Genetics and Environment
  • Be aware of maintaining cultural norms during the interview and examination process.

  • Cultural considerations on gender: Maintain privacy and modesty, which may vary significantly across cultures.

  • Sexual orientation & gender identity (SOGI):

    • The umbrella term Sexual and Gender Minorities (SGM) is used to encompass LGBTQ (Lesbian, Gay, Bisexual, Transgender, Queer/Questioning, and others).

    • Terminology is continually evolving.

    • Refer to authoritative sources like the National Institutes of Health (NIH) Office of Equity, Diversity, and Inclusion for current and respectful terminology and information.

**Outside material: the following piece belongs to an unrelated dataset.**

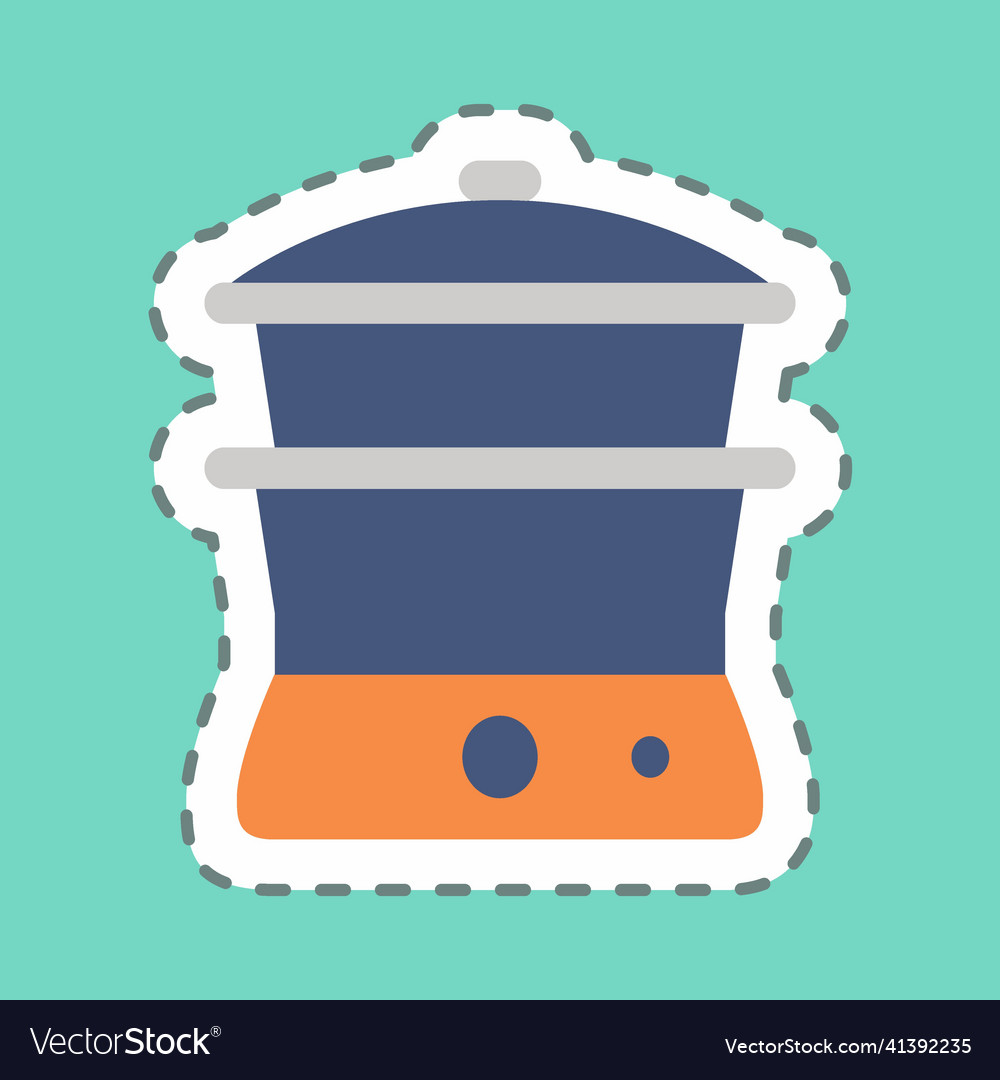 Sticker steamer line cut simple editable Vector Image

Working with (and without) an Interpreter
  • A language barrier can be a significant element in healthcare interactions due to cross-cultural communications.

  • Consider both verbal and nonverbal cues in the communication pattern when an interpreter is present.

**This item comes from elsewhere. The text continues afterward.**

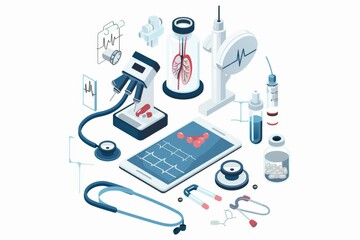 Conceptual medical illustration isolated created with Generative AI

  • Preference for an interpreter: A bilingual team member or a trained medical interpreter is preferred.

    • Ideally, the interpreter should be of the same gender as the patient to facilitate comfort, particularly during sensitive discussions.

  • It's important to recognize that language alone does not imply understanding of cultural diversity; an interpreter may speak the language but not understand the nuanced cultural context.

Health Literacy

  • Health literacy is more than just the ability to read.

  • It includes understanding and following directions that lead to effective communication between the patient and the healthcare provider.

  • A patient may be literate (able to read) but not possess health literacy (unable to understand health information).

  • Tools for determining literacy:

    • Involves the use of quantitative measurement and memory aspects.

    • Several tools are available, varying in reliability, validity, and administration time.

    • Follow established policy and procedure in clinical practice settings for literacy screening.

Techniques to Improve Health Literacy
  1. Oral teaching:

    • Provide simple, easy instructions.

    • Use conversational structure rather than medical jargon.

  2. Written materials:

    • Avoid medical jargon.

    • Provide appropriate information, concise and relevant.

    • Print should be large enough to be easily read (e.g., 12-14 ext{ point font}).

  3. Teach back:

    • Encourages verification of understanding by asking the patient to explain information in their own words (e.g., "Just to make sure I explained everything clearly, can you tell me in your own words how you will take this medication?").

    • Opens the door for clarification if needed, allowing the provider to correct misunderstandings.

Communicating with Other Professionals

Promoting Effective Interprofessional Communication
  • Occurs between two or more individuals of the interdisciplinary healthcare team.

  • Takes place in an environment of mutual respect to enhance overall communication and patient care.

Impact of Ineffective Interprofessional Communication
  • Strongly linked to poor patient outcomes, including:

    • Delay in treatment

    • Medication errors

    • Clinical misdiagnosis

    • Patient injury

    • Death

Maintaining Open Lines of Communication
  • Provide timely updates in an organized and clear manner.

Standardized Communication: SBAR

SBAR is a framework for clear communication among healthcare professionals:

  • S - Situation: Provide a brief description of pertinent patient variables, demographics, clinical diagnosis, and current location.

  • B - Background: Provide pertinent history as it directly relates to the patient's current health status.

  • A - Assessment: State pertinent assessment findings obtained, along with an interpretation of the data (e.g., "The patient's BP is 90/60, and I assess them as hypotensive.").

  • R - Recommendation or Request: State what you need or want for the patient in terms of medical treatment and/or assistance.